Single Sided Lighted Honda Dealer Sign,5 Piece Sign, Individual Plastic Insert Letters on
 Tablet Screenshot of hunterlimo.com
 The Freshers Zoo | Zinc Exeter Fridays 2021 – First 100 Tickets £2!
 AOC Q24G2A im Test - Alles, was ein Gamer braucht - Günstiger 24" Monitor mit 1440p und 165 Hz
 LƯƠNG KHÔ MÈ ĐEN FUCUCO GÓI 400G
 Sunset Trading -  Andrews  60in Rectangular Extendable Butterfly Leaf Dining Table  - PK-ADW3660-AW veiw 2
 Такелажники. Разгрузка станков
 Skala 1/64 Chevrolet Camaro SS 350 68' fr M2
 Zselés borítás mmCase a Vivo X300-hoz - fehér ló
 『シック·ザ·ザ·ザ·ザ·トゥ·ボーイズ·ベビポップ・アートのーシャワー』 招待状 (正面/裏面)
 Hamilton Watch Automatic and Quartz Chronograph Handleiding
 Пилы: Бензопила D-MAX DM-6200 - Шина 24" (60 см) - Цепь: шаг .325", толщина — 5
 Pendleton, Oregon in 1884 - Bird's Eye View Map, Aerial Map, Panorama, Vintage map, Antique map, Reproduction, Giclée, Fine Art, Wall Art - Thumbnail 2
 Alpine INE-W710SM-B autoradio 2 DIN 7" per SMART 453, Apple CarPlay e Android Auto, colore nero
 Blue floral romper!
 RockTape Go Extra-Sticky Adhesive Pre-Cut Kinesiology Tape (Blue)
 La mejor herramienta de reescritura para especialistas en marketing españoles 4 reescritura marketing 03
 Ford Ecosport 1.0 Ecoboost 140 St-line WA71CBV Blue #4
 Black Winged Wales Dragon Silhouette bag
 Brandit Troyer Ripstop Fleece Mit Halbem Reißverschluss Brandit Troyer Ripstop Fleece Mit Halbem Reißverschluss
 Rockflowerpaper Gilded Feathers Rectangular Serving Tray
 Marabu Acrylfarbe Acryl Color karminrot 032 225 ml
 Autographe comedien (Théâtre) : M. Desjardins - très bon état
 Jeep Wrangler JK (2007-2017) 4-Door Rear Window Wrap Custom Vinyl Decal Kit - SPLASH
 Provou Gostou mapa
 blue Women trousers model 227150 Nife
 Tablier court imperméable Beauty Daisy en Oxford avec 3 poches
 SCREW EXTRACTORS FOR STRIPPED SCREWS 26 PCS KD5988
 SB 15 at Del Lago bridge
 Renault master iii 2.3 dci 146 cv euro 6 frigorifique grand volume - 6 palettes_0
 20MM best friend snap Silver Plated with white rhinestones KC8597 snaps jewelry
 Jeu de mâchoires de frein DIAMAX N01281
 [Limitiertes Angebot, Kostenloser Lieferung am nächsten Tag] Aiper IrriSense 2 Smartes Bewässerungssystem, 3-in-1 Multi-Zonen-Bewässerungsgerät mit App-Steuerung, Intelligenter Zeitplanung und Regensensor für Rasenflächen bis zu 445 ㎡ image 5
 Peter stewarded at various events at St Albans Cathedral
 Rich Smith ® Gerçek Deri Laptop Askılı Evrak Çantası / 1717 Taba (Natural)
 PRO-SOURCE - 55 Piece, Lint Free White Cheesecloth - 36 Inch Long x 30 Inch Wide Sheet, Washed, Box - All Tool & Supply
#####
▶ **TASK**: Copy the full listing exactly.

▶ **TASK RESULT**:
Single Sided Lighted Honda Dealer Sign,5 Piece Sign, Individual Plastic Insert Letters on
 Tablet Screenshot of hunterlimo.com
 The Freshers Zoo | Zinc Exeter Fridays 2021 – First 100 Tickets £2!
 AOC Q24G2A im Test - Alles, was ein Gamer braucht - Günstiger 24" Monitor mit 1440p und 165 Hz
 LƯƠNG KHÔ MÈ ĐEN FUCUCO GÓI 400G
 Sunset Trading -  Andrews  60in Rectangular Extendable Butterfly Leaf Dining Table  - PK-ADW3660-AW veiw 2
 Такелажники. Разгрузка станков
 Skala 1/64 Chevrolet Camaro SS 350 68' fr M2
 Zselés borítás mmCase a Vivo X300-hoz - fehér ló
 『シック·ザ·ザ·ザ·ザ·トゥ·ボーイズ·ベビポップ・アートのーシャワー』 招待状 (正面/裏面)
 Hamilton Watch Automatic and Quartz Chronograph Handleiding
 Пилы: Бензопила D-MAX DM-6200 - Шина 24" (60 см) - Цепь: шаг .325", толщина — 5
 Pendleton, Oregon in 1884 - Bird's Eye View Map, Aerial Map, Panorama, Vintage map, Antique map, Reproduction, Giclée, Fine Art, Wall Art - Thumbnail 2
 Alpine INE-W710SM-B autoradio 2 DIN 7" per SMART 453, Apple CarPlay e Android Auto, colore nero
 Blue floral romper!
 RockTape Go Extra-Sticky Adhesive Pre-Cut Kinesiology Tape (Blue)
 La mejor herramienta de reescritura para especialistas en marketing españoles 4 reescritura marketing 03
 Ford Ecosport 1.0 Ecoboost 140 St-line WA71CBV Blue #4
 Black Winged Wales Dragon Silhouette bag
 Brandit Troyer Ripstop Fleece Mit Halbem Reißverschluss Brandit Troyer Ripstop Fleece Mit Halbem Reißverschluss
 Rockflowerpaper Gilded Feathers Rectangular Serving Tray
 Marabu Acrylfarbe Acryl Color karminrot 032 225 ml
 Autographe comedien (Théâtre) : M. Desjardins - très bon état
 Jeep Wrangler JK (2007-2017) 4-Door Rear Window Wrap Custom Vinyl Decal Kit - SPLASH
 Provou Gostou mapa
 blue Women trousers model 227150 Nife
 Tablier court imperméable Beauty Daisy en Oxford avec 3 poches
 SCREW EXTRACTORS FOR STRIPPED SCREWS 26 PCS KD5988
 SB 15 at Del Lago bridge
 Renault master iii 2.3 dci 146 cv euro 6 frigorifique grand volume - 6 palettes_0
 20MM best friend snap Silver Plated with white rhinestones KC8597 snaps jewelry
 Jeu de mâchoires de frein DIAMAX N01281
 [Limitiertes Angebot, Kostenloser Lieferung am nächsten Tag] Aiper IrriSense 2 Smartes Bewässerungssystem, 3-in-1 Multi-Zonen-Bewässerungsgerät mit App-Steuerung, Intelligenter Zeitplanung und Regensensor für Rasenflächen bis zu 445 ㎡ image 5
 Peter stewarded at various events at St Albans Cathedral
 Rich Smith ® Gerçek Deri Laptop Askılı Evrak Çantası / 1717 Taba (Natural)
 PRO-SOURCE - 55 Piece, Lint Free White Cheesecloth - 36 Inch Long x 30 Inch Wide Sheet, Washed, Box - All Tool & Supply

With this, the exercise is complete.